Presso l’imbocco della galleria, una modesta tettoia in pietra e legno, la teciàda, fungeva da vero e proprio laboratorio artigiano. Qui, con pazienza e abilità, i giovellai lavoravano i blocchi di serpentino ridotti in lotti da 30-40 kg. Con scalpelli affilati e colpi precisi di martello, i löt venivano scissi in lastre sottili e poi sagomati con il fulcêt, una paletta piatta in ferro, fino a ottenere lastre rettangolari: i ciodi, le celebri piode della Valmalenco.
La teciàda comprendeva anche una cucina rustica, dove si preparava il pasto (sempre polenta) e un deposito per attrezzi e legna.
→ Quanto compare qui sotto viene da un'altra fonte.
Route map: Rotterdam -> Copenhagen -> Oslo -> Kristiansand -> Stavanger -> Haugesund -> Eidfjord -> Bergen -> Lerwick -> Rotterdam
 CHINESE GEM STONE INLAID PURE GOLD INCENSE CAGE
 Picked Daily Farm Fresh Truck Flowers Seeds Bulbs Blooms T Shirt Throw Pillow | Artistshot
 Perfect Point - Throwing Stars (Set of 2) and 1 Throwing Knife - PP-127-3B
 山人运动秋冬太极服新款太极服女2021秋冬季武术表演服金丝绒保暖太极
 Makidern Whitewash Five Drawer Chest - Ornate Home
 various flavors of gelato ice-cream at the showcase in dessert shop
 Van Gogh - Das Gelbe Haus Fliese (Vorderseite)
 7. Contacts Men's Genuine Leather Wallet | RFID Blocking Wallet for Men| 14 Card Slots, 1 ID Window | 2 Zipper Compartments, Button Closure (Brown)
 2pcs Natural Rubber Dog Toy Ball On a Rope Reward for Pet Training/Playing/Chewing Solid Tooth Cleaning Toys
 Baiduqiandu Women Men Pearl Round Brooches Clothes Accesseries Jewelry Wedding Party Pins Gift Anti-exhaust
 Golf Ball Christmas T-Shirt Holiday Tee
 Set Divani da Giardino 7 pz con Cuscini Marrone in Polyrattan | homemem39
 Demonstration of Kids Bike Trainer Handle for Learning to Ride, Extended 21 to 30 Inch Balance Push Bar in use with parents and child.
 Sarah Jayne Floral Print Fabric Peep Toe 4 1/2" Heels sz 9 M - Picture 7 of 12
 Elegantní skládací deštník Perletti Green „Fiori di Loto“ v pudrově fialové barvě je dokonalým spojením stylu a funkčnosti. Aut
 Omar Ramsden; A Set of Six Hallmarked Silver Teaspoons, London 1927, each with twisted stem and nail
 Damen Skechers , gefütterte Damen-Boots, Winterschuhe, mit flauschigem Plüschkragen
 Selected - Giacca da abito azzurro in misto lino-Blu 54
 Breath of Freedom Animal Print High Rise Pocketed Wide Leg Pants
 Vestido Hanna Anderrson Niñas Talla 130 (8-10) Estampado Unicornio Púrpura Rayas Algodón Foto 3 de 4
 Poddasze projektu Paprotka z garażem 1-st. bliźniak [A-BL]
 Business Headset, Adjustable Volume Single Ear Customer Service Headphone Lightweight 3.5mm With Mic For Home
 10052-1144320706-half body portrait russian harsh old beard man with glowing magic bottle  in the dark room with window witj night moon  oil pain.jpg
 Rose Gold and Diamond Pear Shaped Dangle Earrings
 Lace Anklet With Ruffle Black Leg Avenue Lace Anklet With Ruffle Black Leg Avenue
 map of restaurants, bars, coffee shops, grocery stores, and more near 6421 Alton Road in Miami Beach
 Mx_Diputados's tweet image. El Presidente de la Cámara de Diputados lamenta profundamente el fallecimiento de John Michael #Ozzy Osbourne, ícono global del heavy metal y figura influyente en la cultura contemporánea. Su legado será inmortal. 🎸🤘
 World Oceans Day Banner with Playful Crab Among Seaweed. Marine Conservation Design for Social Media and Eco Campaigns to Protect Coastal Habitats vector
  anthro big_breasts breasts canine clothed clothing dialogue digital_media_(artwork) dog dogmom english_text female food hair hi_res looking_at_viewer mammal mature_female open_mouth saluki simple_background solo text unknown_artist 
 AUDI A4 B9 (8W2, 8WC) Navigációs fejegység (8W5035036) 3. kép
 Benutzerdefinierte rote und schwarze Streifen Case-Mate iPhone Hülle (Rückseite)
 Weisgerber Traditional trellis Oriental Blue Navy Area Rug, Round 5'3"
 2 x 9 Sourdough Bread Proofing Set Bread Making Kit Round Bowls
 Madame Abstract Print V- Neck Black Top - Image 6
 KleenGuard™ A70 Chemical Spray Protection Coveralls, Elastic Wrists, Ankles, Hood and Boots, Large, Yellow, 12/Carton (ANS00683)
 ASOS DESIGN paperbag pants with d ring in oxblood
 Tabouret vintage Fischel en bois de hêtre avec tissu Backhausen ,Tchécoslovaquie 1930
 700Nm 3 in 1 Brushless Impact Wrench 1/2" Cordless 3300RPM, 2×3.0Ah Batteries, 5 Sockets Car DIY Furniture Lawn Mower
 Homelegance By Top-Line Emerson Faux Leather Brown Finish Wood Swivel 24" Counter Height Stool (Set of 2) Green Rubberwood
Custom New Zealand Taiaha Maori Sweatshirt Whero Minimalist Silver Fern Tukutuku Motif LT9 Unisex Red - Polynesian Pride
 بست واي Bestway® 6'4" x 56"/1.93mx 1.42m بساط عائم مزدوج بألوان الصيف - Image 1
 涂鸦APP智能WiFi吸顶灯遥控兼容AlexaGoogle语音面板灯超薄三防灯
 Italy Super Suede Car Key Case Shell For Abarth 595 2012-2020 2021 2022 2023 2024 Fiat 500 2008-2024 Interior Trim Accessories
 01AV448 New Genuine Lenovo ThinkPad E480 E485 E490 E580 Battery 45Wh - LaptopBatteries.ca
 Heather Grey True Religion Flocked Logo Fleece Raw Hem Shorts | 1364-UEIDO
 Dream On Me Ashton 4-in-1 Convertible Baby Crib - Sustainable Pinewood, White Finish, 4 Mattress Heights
Il lavoro si divideva in due cantieri: uno sotterraneo, nelle profondità delle gallerie, e uno in superficie, più sicuro, riservato ai cavatori più anziani.
I giovellai erano riuniti in compagnie, vere e proprie confraternite con fini sociali, religiosi e mutualistici, che operavano solo in parte dell’anno, alternando il lavoro in cava a quello nei campi e negli alpeggi. A fine giornata le piòde venivano divise tra i soci, accatastate e trasportate a dorso di cavallo lungo la valle, avviando un commercio secolare che, pur cambiando forma, è giunto sino ai giorni nostri.